Intra-Group Share Purchase Agreement

With respect to the sale of legal documents by mll, the provisions of Part III, Sections 1, 2, 3 and 5 and Part IV, Section 1.2 of the Terms of Sale of the PartnerVine Platform also apply to such purchases and are therefore included in these Supplier Terms by Reference. These terms and conditions of delivery will amend the usage rights/restrictions provisions set out in Part III, Section 4 of the Terms of Sale of the PartnerVine platform, as follows: The first paragraph will not be amended. The second, third, fourth and fifth paragraphs are replaced by the following provisions: the agreement also contains the usual assurances and guarantees of both parties, as well as the other usual provisions. This model assumes that 100% of the shares of a target company are transferred from a seller (intragroup) to a buyer (intragroup) in the form of a limited company.

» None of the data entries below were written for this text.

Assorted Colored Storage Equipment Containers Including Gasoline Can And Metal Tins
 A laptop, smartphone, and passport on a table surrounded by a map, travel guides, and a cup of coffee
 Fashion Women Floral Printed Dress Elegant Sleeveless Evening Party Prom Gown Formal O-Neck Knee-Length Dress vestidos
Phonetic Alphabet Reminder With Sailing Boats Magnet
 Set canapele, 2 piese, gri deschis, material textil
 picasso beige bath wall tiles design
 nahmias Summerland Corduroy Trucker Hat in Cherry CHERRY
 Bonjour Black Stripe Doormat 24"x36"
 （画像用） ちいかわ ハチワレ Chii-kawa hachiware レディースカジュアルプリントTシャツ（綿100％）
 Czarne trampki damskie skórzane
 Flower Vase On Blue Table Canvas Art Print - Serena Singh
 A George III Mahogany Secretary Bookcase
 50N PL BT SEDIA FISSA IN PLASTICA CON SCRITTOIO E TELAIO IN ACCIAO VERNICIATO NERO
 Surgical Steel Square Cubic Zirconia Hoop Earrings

In addition, the agreement assumes that the transaction will be concluded immediately after the signing of the agreement. The financial statements consist of the payment of the purchase price by the buyer and the delivery by the seller of the usual acquisition documents (e.g.B. share certificates or declarations of sale, decision of the board of directors of the target company to obtain the buyer`s approval as a new shareholder, updated share register, etc.). Please note that not all ancillary documents necessary for the transfer of shares (declarations of transfer, dissolution of the board of directors, register of shares, etc.) are included in this model. Our experience in cross-border transactions, and in particular our company`s ability to assist in business matters under French and Hong Kong law, allows us to offer a fixed fee for the establishment of business permits as well as transaction documents (share purchase contract and refinancing of shareholder loans), with the exception of U.S. and tax affairs. The budget included coordination with the tax law firm buyer, if necessary.

Our client is the regional headquarters of an international French group in Hong Kong. Holdings in a Delaware joint venture (U.S.) subject to U.S. tax rules on partnerships include the regional portfolio of holdings in Hong Kong. After internal verification of the group`s structure, the management of the group decided to transfer these shares to a holding company in France.